By default the table keeps only the best pose per compound (real docking output has many poses per ligand, so otherwise a "top 50" could be 50 poses of a handful of compounds). Compounds are keyed by SMILES when available, else by name with explicit pose suffixes (_pose1, _conf1, …) stripped. Pass --no-best-pose-per-ligand to keep every pose. The reported pose count is always the true total read; the table length reflects what is shown.

Files are read as a stream, one pose at a time, so multi-hundred-thousand-pose SDFs are processed without loading the whole file into memory.

dock-diverse: a shortlist that is not 50 analogues

molscope dock-diverse results.sdf --top 500 --select 50 --threshold 0.7

Ranks the poses, keeps the best --top, computes Morgan fingerprints, clusters them with Butina at a Tanimoto similarity --threshold, and returns the best-scoring member of each cluster, ordered by score and limited to --select. Picking one representative per cluster is what stops a top-50 list from collapsing into many near-identical analogues of the same scaffold.

Outputs diverse_hits.sdf (the selected poses, re-emitted faithfully from the original records) and diverse_hits.csv (with cluster_id and cluster_size, so you can see how big a family each representative stands in for). If the chemistry yields fewer clusters than you asked for, every representative is returned and the command says so rather than silently handing back a short list.

Because the selected .sdf keeps the 3D pose, it flows straight back into the rest of MolScope: descriptors, contact maps, or graph export for an ML model.

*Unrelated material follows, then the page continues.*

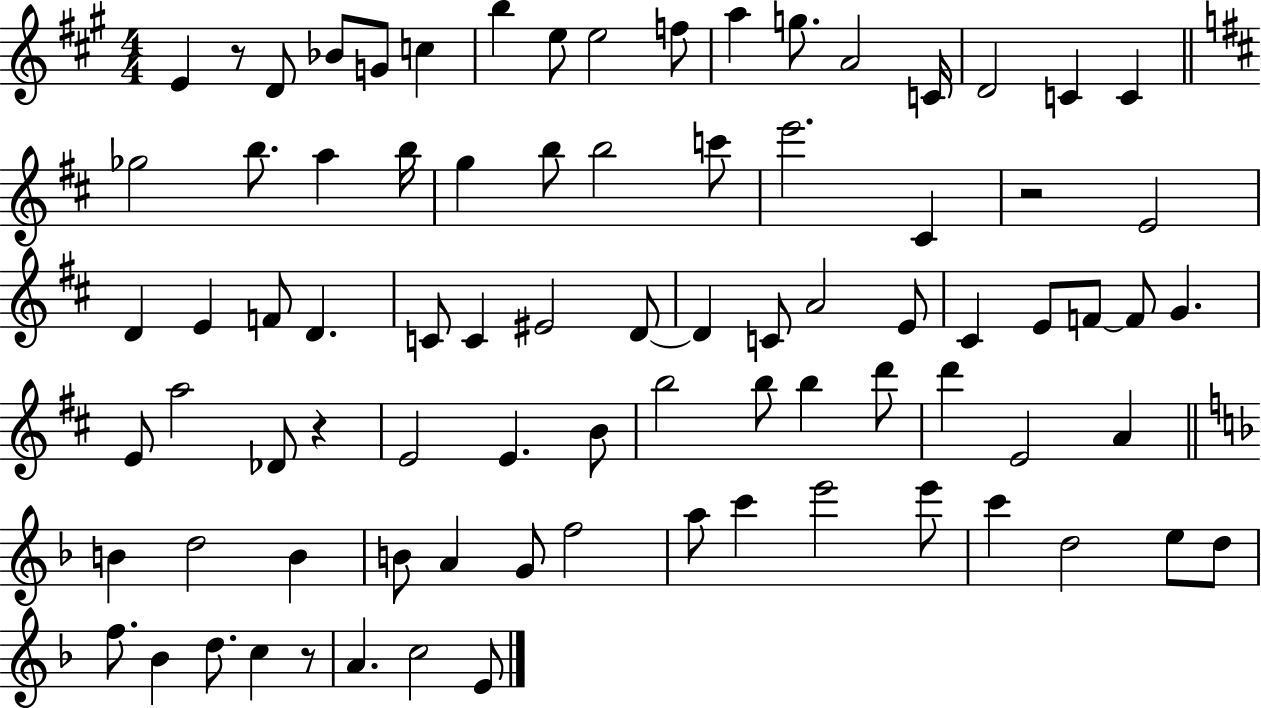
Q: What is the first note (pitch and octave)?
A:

dock-rank: transparent consensus across scoring functions

molscope dock-rank vina.sdf gnina.sdf --method consensus

Joins the hits across the input files by molecule name (--key smiles to join on perceived SMILES instead), ranks each score field by its own direction, and aggregates by mean rank. Rank aggregation is scale-free and explainable: it does not pretend the score fields share units or that the blended number is a calibrated affinity. The CSV keeps every input score and its per-field rank alongside the consensus_rank and final_rank, and the command prints exactly which fields and directions it used:

score fields used (direction):
  - vina:minimizedAffinity: lower=better
  - gnina:CNNscore: higher=better
note: consensus rank is mean rank across these fields, a transparent triage
heuristic, not a calibrated 'true' affinity

Pass --score-fields to choose the fields explicitly, --higher-is-better / --lower-is-better to set directions for unknown fields, and --mw-max / --logp-max to drop hits outside a property window (these need RDKit). Unknown field directions are assumed lower-is-better and flagged [assumed] so the choice is never hidden.

dock-report: one HTML file to look at

molscope dock-report results.sdf --score-field minimizedAffinity

Writes a single self-contained dock_report.html that bundles the ranked hit table, an embedded score histogram, and a grid of diverse cluster representatives drawn as 2D depictions — the view a CSV of SMILES cannot give you. Everything is inlined (base64 image, inline SVG), so the file is one artifact you can email, archive in a repo, or attach to a paper; it is not a server you have to keep running.

Alongside it, top_poses.sdf holds the best --export-poses poses (default 20) ready to load straight into PyMOL, ChimeraX, or Mol* for 3D inspection. Use --top for the table length, --select and --threshold for the clustering, and --no-clusters to skip the depiction grid. The 2D depictions need RDKit; the report still builds without it, just without that section.

For live, interactive filtering, stay in a notebook and call the molscope.docking functions directly: summarize and select_diverse_hits return plain row dicts that drop straight into a pandas DataFrame. That keeps inspection notebook-native rather than pulling in a web-app framework.

What this is not

MolScope does not dock, re-score, or minimise. It reads what your docking tool produced and helps you triage it. Consensus ranking is a heuristic for ordering a shortlist, not a replacement for careful per-target validation or a calibrated scoring function.